Each of those kinds of writing has different expectations in terms of formality of language, formatting (how the thing actually looks on the page–even if the “page” is an electronic file or email), an approach. Each one will require something slightly different from you in terms of how you approach what you write, and what you do after you first put your ideas into words.

Writing for yourself, with only yourself as the audience, is, of course, the easiest. There are zero rules or expectations; you write however pleases you.

However, as soon as you are writing with an eye toward publication–even if you are writing creatively, whether that means poetry or song lyrics or fiction or personal essay–then rules start to apply, because then you need to do everything you can to make sure the words you put together have the effect on your audience that you intend. One of the biggest mistakes my students have made in the past is to think that, because they’re writing creatively, they don’t have to worry about punctuation, or what words mean, or how sentences work.

Of course, if you read many modern poets (that is, anyone who wrote after the First World War), you’ll see poets who ignore all the rules: e e cummings comes to mind (and the fact that his name is given with lowercase letters and no periods after his initials is an indication of how firmly he rejected the rules). But in order to break the rules effectively, you first have to know what the rules are. This frequently applies to art of any kind. Even abstract painters and sculptors usually learn the rules of drawing the human figure and realistic still lifes. Yes, there are people who don’t go through the process of learning the rules and then breaking them, but those people are the exceptions. Most of us need to learn the discipline before we can play around with it effectively.

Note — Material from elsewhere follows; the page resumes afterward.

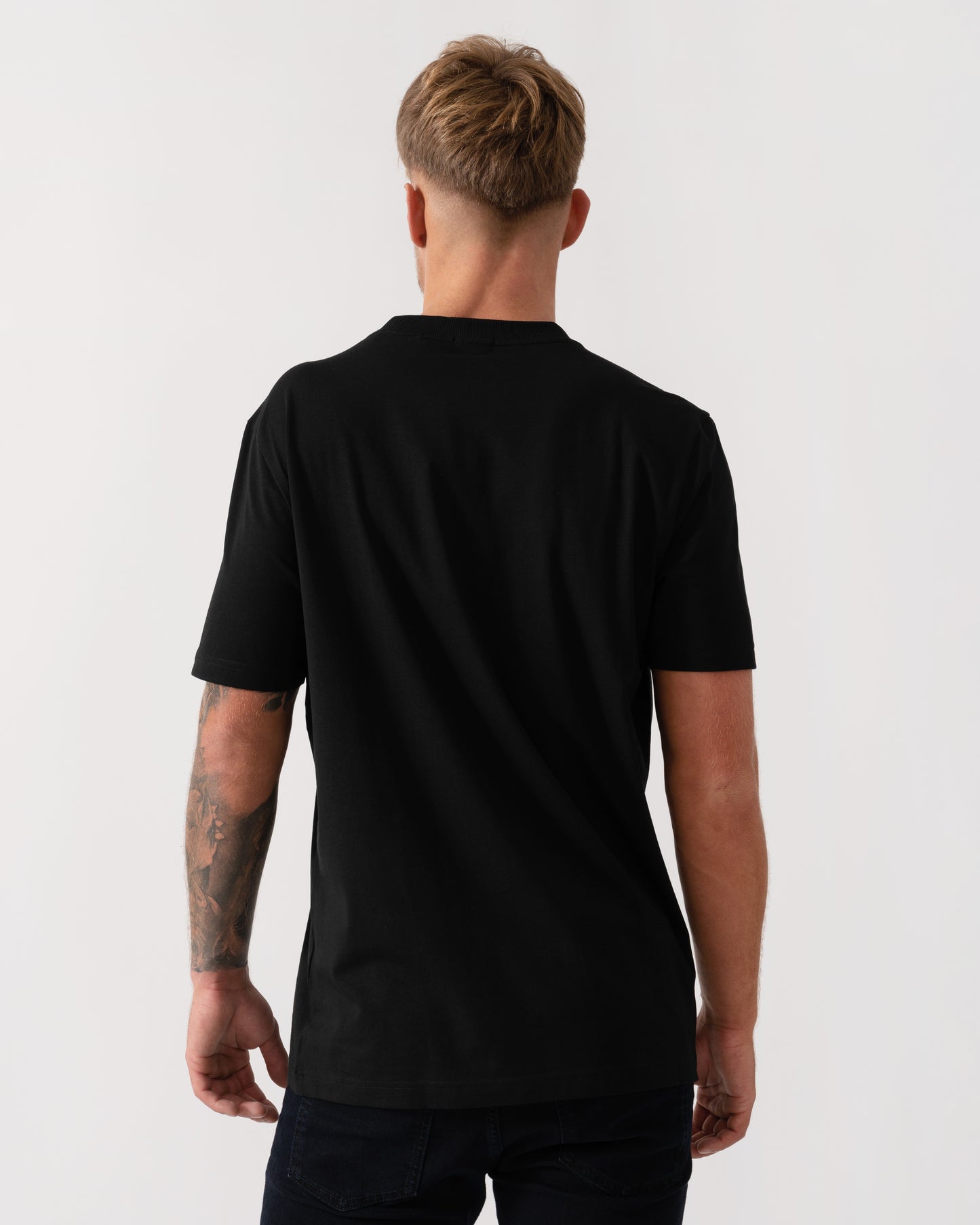 BOSS Green Tee Mens Stretch Cotton T-Shirt with Contrast Logo - Black 009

It’s also true that, if you’re well educated and you’re in a business setting, you’ll see people using the language in ways that will make you wince–and sometimes, someone will be pretty savage about the errors another person has made in a business setting. You don’t want to be the person making the mistakes.

One other truth is that the language changes, and so do the rules. Think about the way our culture is working to accept “they/them/their” as singular pronouns applying to one specific individual. In casual speech, we’ve used those words to refer to an unspecified indivual for a long time–as in “Someone forgot their coat.” It’s more awkward and potentially confusing to use those pronouns to refer to one particular person, as in “The coat belongs to the person in the pink shirt in that group over there; give it to them.” (“To … the group? Oh, wait, I get it now…”) There are some old fogeys who are still grumping about it being “wrong” to refer to a singular person with pronouns that have been considered plural–and up until very recently, I used to hammer the rule with my students that, in academic writing, “they/them/their” should only be used when referring to a plural entity. Now, of course, I wouldn’t do that. So rules change–but it still behooves us to know what the rules are, even when they’re in the process of changing.

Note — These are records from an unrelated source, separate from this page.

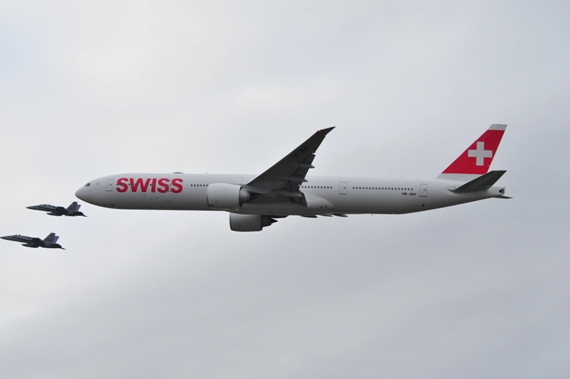 Erste SWISS Boeing 777-300ER HB-JNA Foto Andy Herzog_001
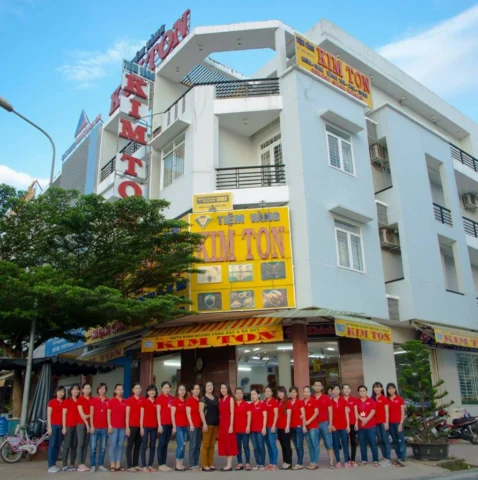 Tiệm Vàng Kim Tôn: Uy Tín Vàng, Sáng Danh Hơn 20 Năm Cận cảnh vẻ đẹp lấp lánh của trang sức kim cương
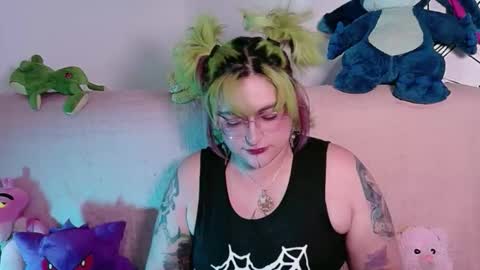 xxgreengoodxx online show from March 28, 9:49 pm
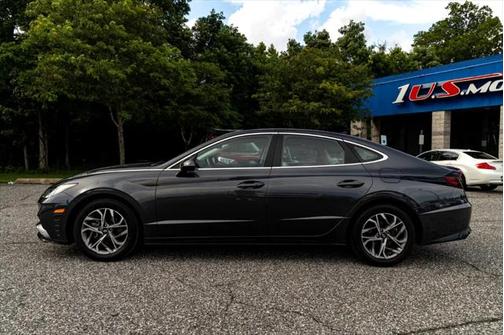 2022 Hyundai SONATA SEL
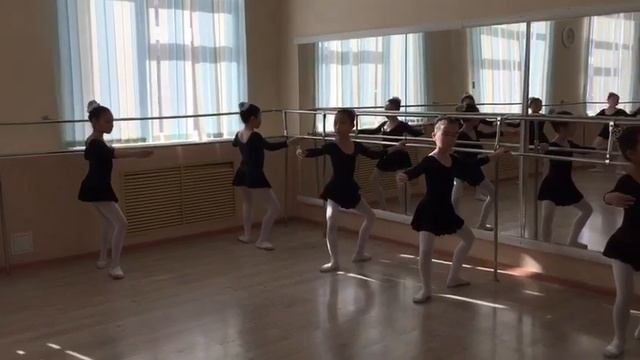 Открытый урок по Классическому танцу. Demi plie. смотреть онлайн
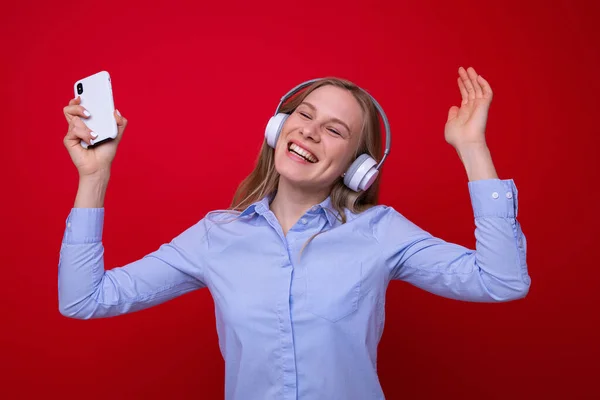 Jeune Femme Dansant Sur Musique Son Téléphone — Photo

The most rigorously structured, highly formalized form of writing is still academic writing. Again, the rules tend to change; for instance, it used to be a no-no to refer to ourselves, as if the piece had been written by a disembodied intellect with no human attached, but it’s now pretty universally accepted that we may refer to ourselves if the situation calls for it. But still, if you’re writing in an academic setting, know what is expected of you: ask your teacher or professor about what rules you’re supposed to follow, or, if you’re sending something off to be published, check with the publisher about any style rules they follow.

One final note about this topic: when you’re first writing, no matter your purpose or audience, don’t worry about any of that: just get your ideas down. Remember that thing about revising and editing that I discussed in a previous post? That applies to any form of writing you use for any audience other than yourself and your close friends and family. It’s always wise to be more formal than a situation calls for than to not be formal enough. Once you’ve got a first draft written, think carefully about your audience–and make sure what you share with them is appropriate in every way.